■ **TASK REQUIREMENTS**: What's needed is an exact copy of all the data below, without pictures.

■ **RAW DATA**:
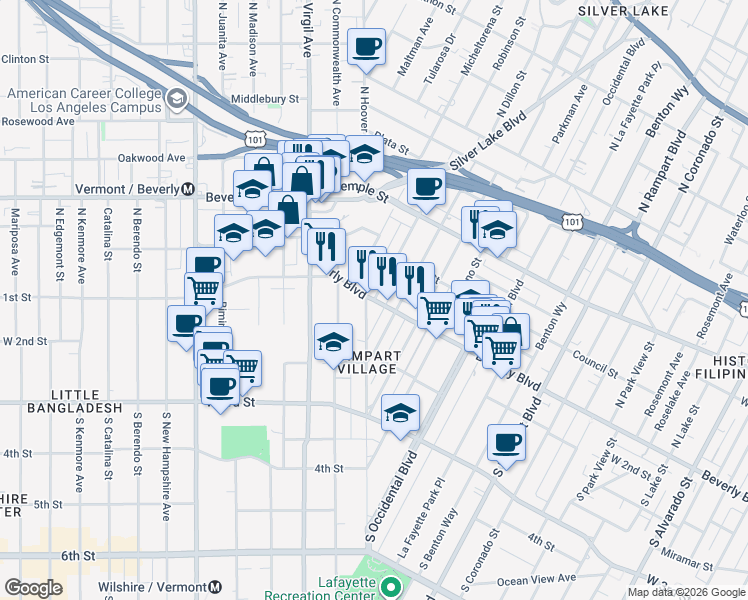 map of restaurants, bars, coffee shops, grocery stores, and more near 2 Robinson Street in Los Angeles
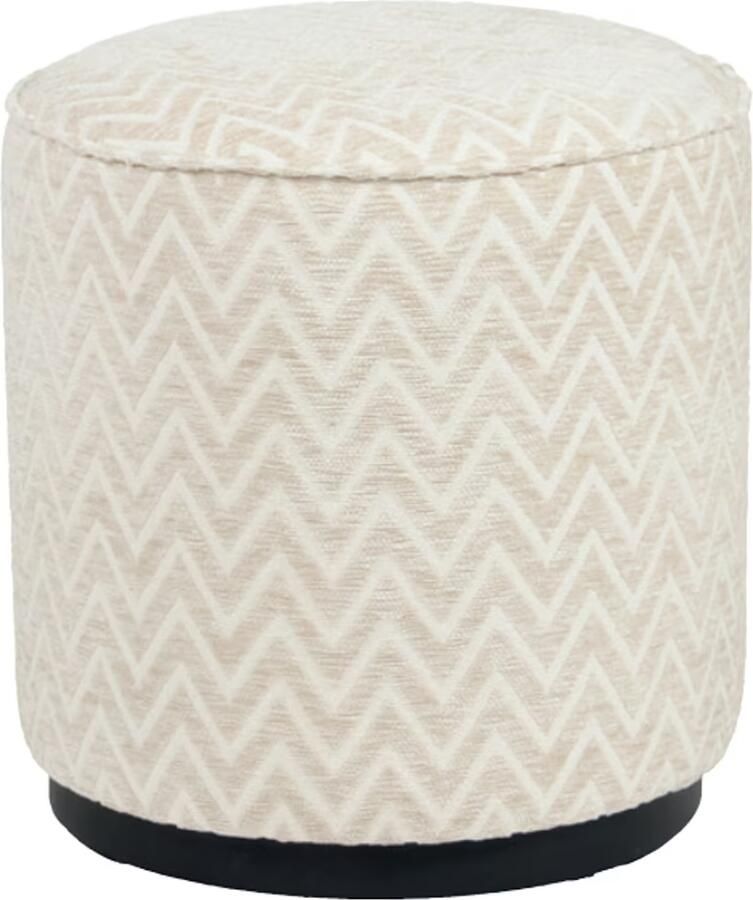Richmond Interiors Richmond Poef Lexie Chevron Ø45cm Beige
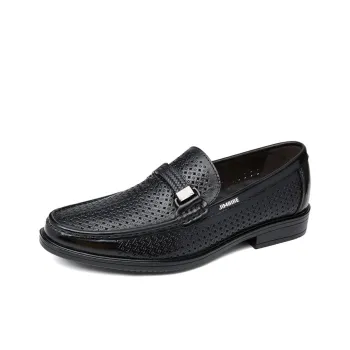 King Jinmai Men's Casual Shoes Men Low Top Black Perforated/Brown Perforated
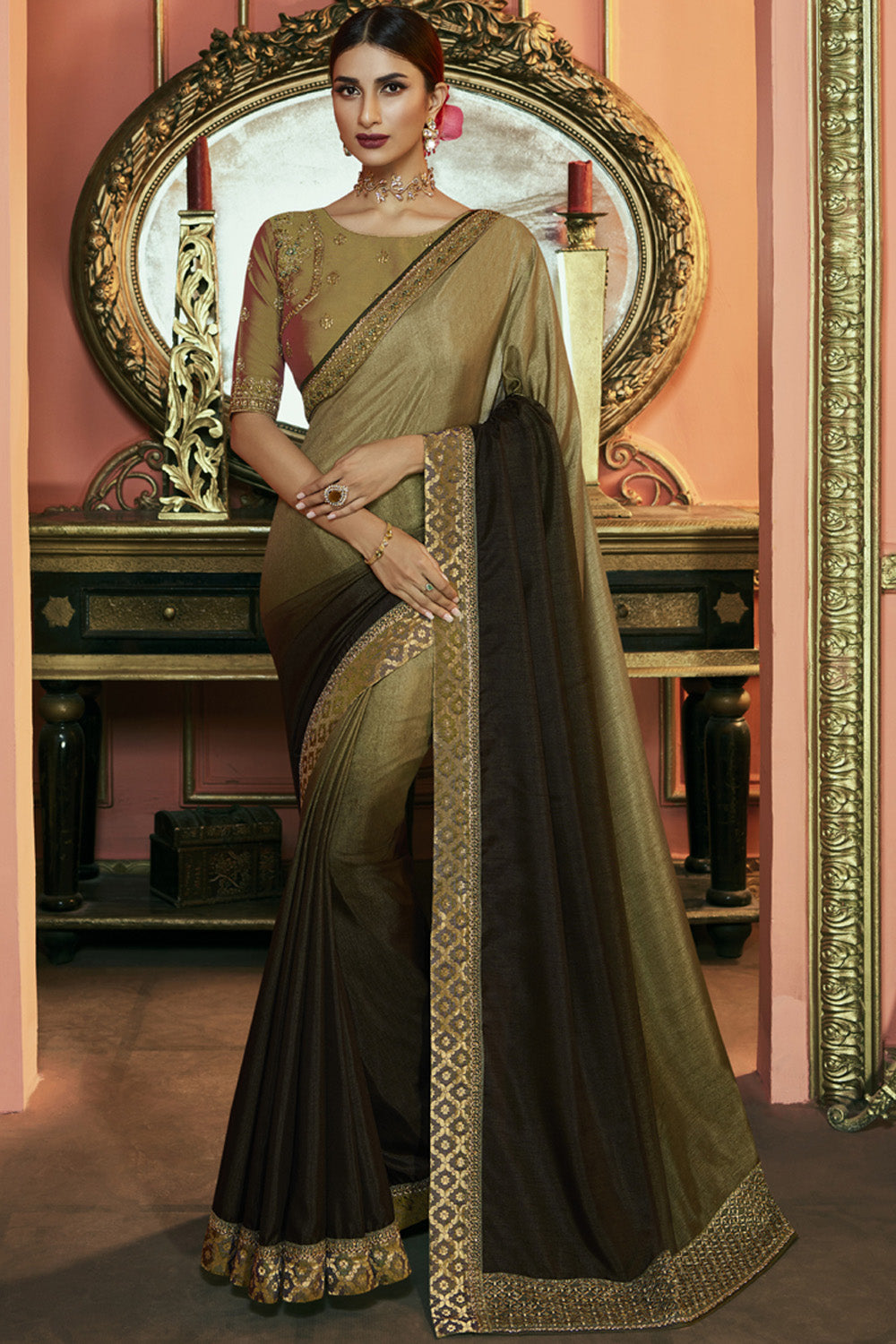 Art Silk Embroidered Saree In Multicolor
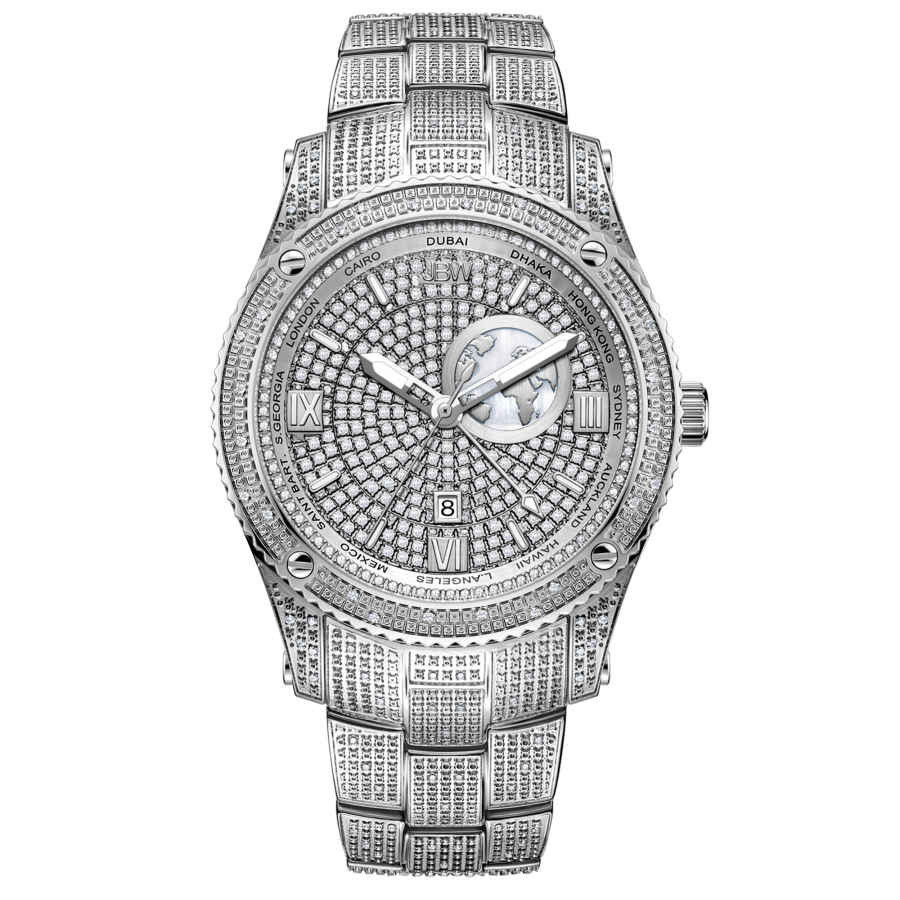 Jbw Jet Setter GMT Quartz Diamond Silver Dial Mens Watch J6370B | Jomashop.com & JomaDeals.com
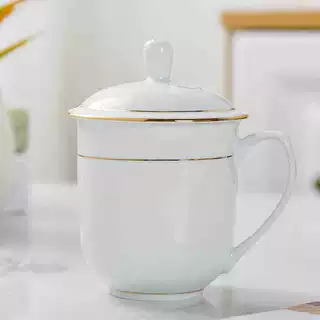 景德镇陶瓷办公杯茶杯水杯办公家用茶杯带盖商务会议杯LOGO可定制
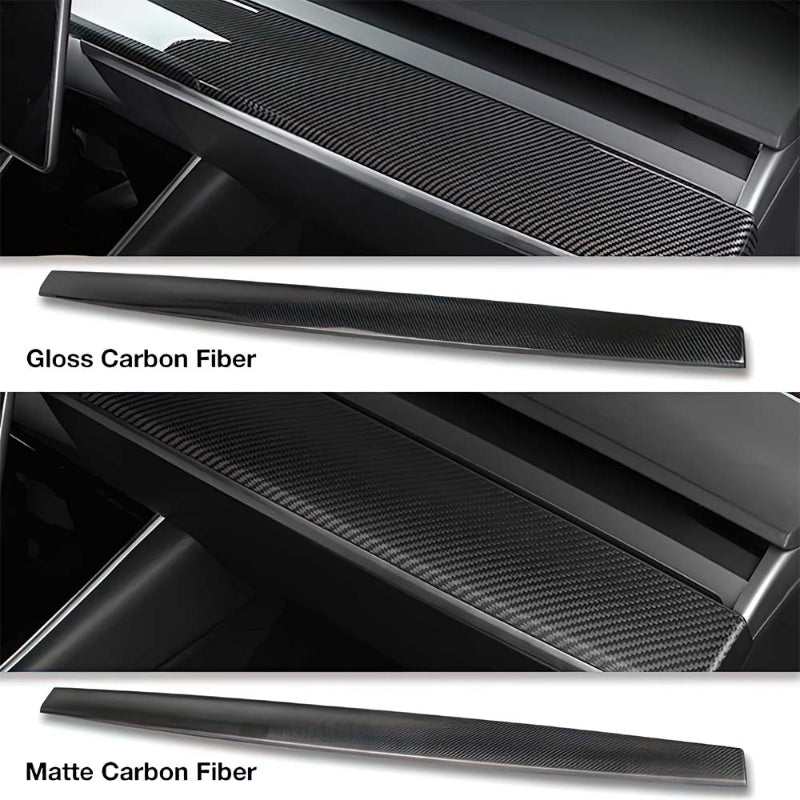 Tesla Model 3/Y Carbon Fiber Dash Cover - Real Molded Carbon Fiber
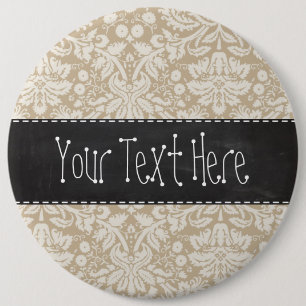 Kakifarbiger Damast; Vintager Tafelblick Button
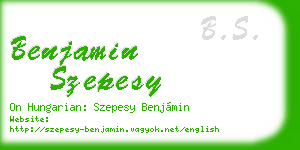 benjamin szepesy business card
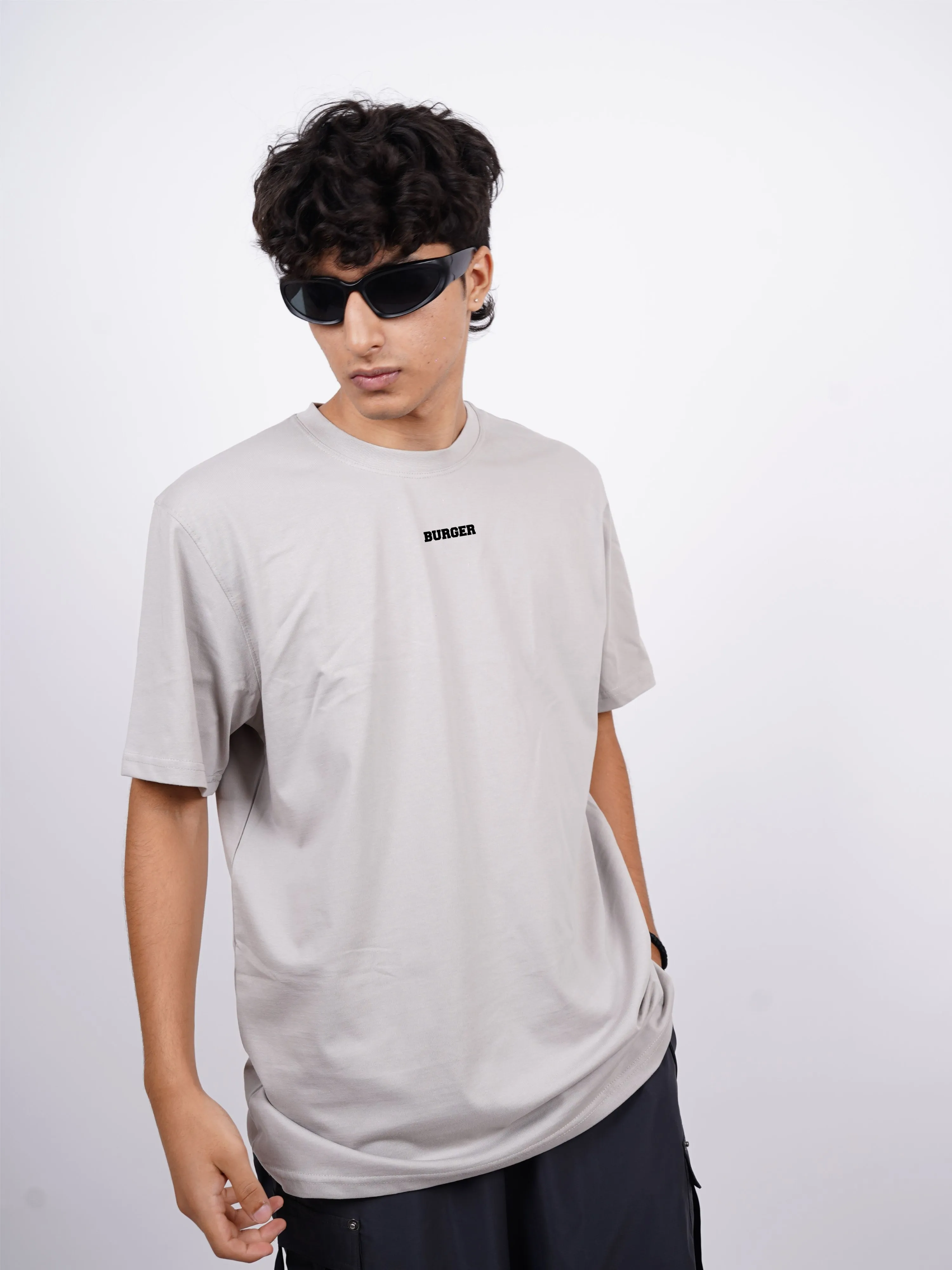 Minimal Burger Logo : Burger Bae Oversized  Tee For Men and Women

■ **REPLY TO THE TASK**:
 map of restaurants, bars, coffee shops, grocery stores, and more near 2 Robinson Street in Los Angeles
Richmond Interiors Richmond Poef Lexie Chevron Ø45cm Beige
 King Jinmai Men's Casual Shoes Men Low Top Black Perforated/Brown Perforated
 Art Silk Embroidered Saree In Multicolor
 Jbw Jet Setter GMT Quartz Diamond Silver Dial Mens Watch J6370B | Jomashop.com & JomaDeals.com
 景德镇陶瓷办公杯茶杯水杯办公家用茶杯带盖商务会议杯LOGO可定制
 Tesla Model 3/Y Carbon Fiber Dash Cover - Real Molded Carbon Fiber
 Kakifarbiger Damast; Vintager Tafelblick Button
 benjamin szepesy business card
 Minimal Burger Logo : Burger Bae Oversized  Tee For Men and Women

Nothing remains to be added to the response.